Murfreesboro's new Mayor Shane McFarland visited the WGNS' Action Line radio show last Wednesday (5/14/2014) and took a constant flow of calls from area residents. Several dealt with garbage. The mayor researched some questions, and now shares his findings with the public.
On the question about a need to keep the city convenience center on West Main Street open during posted hours, Mayor McFarland contacted Solid Waste Director Joey Smith.
The mayor reports: At the present per the contract, Republic is furnishing the center with one compactor and two 30 yard containers for waste collection. The Solid Waste Department has station at the center a spare 20 yard rear loader to try to handle the over flow. Republic is pulling the 2 -30 yards each day but they can fill up quickly. They are pulling the compactor on a schedule of Tuesday and Saturday. We do not close the center unless the garbage is full. Most of the excess volume of traffic is on Monday and Thursday when all of the Rutherford County sites are closed. When the recycling bins for glass, newspaper and cardboard are pulled there is no switch box for these commodities. The round trip time to haul, dump and return the containers is between 2 and 2 and 1/2 hours depending on traffic. When the bins are gone there is no place to put recycling. Where the recycling is taken, their schedule of operation is 7:00am to 4:00pm and they are closed on the weekends. The resident can take any recycling to 1140 Haley Road which is just over a mile to the site from the 648 West Main site.

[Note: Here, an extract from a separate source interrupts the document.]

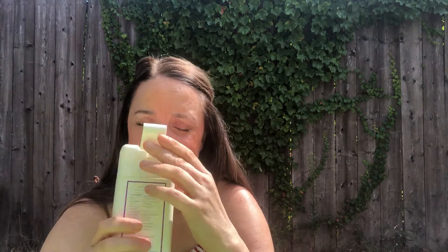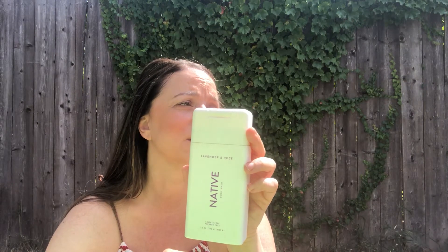As far as body washes, the Naïve brand — they sell it at Target. It's pretty affordable, like $6. This one is lavender rose, but they have other scents. It smells like real lavender, not fake lavender. I don't really smell the rose in here, but it smells really pretty. This stuff is great — they have shampoo, conditioner, and deodorant. It's all natural, I believe. It's simple — they have like six or seven ingredients on the back. It's sulfate-free and paraben-free. I would definitely repurchase that, probably in the same scent.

RECYCLING and LIFE OF LANDFILL
The question of recycling waste and the expected life of the Middle Point Landfill were raised by listeners. Mayor McFarland relays a conversation he had with City Manager Rob Lyons.
Lyons told him, "Last August Mac Nolen and I met with John Dolan with Republic Industries, at that time he gave the estimate at the present volume coming into the landfill a 12 year life span. However, we must take into consideration the growth rate of Murfreesboro, Rutherford County and the approximately 15 counties other than Rutherford that use the largest landfill in Tennessee."
Any increase in volume will decrease the life of Middle Point.
The city manager told the mayor, "Since that time both Mac and I have been exploring ways to handle trash both for Murfreesboro and Rutherford County as the two cannot be separated because of the economy of scale. We both have to deal with residential waste, bulky waste and with special waste, for the City it will be sewer sludge and for the County it will be tires. At the present we have met with different people on different approaches other than just land filling the garbage collected. This discussion includes curbside recycling, pay as you throw options, and waste to energy possibilities."
The state of Tennessee is in the process of creating a new 10 year solid waste plan that will increase in all likelihood the mandated 25% reduction of waste going into a Class 1 landfill such as Middle Point.
Mayor McFarland reports, "This year in both the Senate and House, they have tried to raise the recycle rate to 38% and then in the future move to 50%. It passed the Senate; the House has tabled it for the year to study."
The mayor closed by noting, "We have had and still do enjoy a disposal rate that anyone would want. We have a great city and the departments and leadership of the city are first class. I want for the City and County a first class disposal option that will last."